This weekend was apple weekend at English Heritage’s Audley End.
I have a particular soft spot for Audley End – not only is it the only grand house open to the public in my home county of Essex, but I did some research as an EH volunteer which (in some small ways) has helped to feed into the new interpretation that they have created in the servants wing and the stables in recent years.
The interpretation is pretty innovative – on special days such as apple weekend, costumed interpreters take on the role of various servants who worked at the house in 1881, based on real people (I can promise you, painstaking research went into finding out about them!). In the kitchen, a fire is lit, and food is prepared and cooked, while in the stables horses are groomed and fed.
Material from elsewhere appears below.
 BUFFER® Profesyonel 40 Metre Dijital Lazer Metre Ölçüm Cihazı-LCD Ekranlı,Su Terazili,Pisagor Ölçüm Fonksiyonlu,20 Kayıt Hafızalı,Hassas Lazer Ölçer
A perfect way to begin autumn.
The Temple of Concord – built to celebrate the return to health of King George III, a little prematurely.
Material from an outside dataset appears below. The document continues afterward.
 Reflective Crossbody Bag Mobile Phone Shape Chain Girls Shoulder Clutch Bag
I have a tripod now! So I can do things like this.
Vegetables being prepared in the scullery
Preserves!
Cook, kitchen maid and scullery maid hard at work. All of them are based on real people who worked at Audley End in 1881. Find out more here.
Laundry. I’m so glad I wasn’t born in a time when I could have ended up as a laundry maid.
Dairy
Stables – which look Tudor, but were built later than the Jacobean house, but deliberately built to look older than they are. Sneaky.
Apples growing in the walled kitchen garden
Geraniums in the vinery. They always have something in display here like this, I love it.
Apples! I had completely no idea there were so many different types…
I do love a good red brick wall. I can’t resist them.